However, when I plot stress_xx and _yy, they are different.
They should be the same if the stress (the quadrature data structure) is indeed pI
, i.e., if it doesn't include the artificial viscosity, etc.
@vladotomov, I've managed to solve the issue, and reshaping from vector to tensor had some problems.
However, I've encountered another problem related to memory management in CUDA.
I have a vector called body_force
, which has the same size as rhs
(the H1 space vector), and I'm trying to add these two vectors together.
Just like rhs += Body_force
or rhs.Add(1.0, Body_force)
.
This addition works correctly when done on the CPU, but when I try to perform it in CUDA, it seems like the summation is incorrect, or perhaps the addition isn't happening at all. I suspect that the body_force
vector resides only in CPU memory, and thus, when I try to access it in the GPU code, it's not available.
To address this, I tried explicitly assigning the body_force vector to reside in GPU memory using Body_Force.UseDevice(true)
, but this didn't solve the issue as I had hoped.
It seems like the problem lies in how I'm managing memory in CUDA, particularly with ensuring that the necessary data is available on the GPU for computation.
Any comments or suggestions on how to properly handle memory allocation and data transfer between the CPU and GPU would be greatly appreciated.
Have you looked at the Memory manager section in the website docs?
@vladotomov Yes, I did but it is over my head.
Since rhs
is the result of ForcePA->Mult(one, rhs)
, rhs
is allocated in GPU's memory, isn't it?
So I presumed my Body_Force vector has some issue with GPU.

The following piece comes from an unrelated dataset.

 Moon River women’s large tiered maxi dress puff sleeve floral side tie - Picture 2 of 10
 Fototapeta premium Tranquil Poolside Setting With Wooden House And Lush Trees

Maybe I should use Body_Force->Read()
, Body_Force->Write()
, Body_Force->ReadWrite()
something else, right it?
////
mutable LinearForm *Body_Force;
Body_Force(nullptr);
Body_Force = new LinearForm(&H1);
BodyForceIntegrator *bi = new BodyForceIntegrator(qdata);
bi->SetIntRule(&ir);
Body_Force->AddDomainIntegrator(bi);
Body_Force->Assemble();
ForcePA->Mult(one, rhs); // F*1
rhs.Neg(); // -F
rhs += *Body_Force;
Since rhs is the result of ForcePA->Mult(one, rhs), rhs is allocated in GPU's memory, isn't it?
If rhs
is allocated on the device, and ForcePA
supports GPU execution, then yes.
To get the current data on the host (CPU), you need a HostRead()
.
You should try to get the partial assembly implementation first, before worrying about GPU execution. PA by itself can be fully tested on the CPU.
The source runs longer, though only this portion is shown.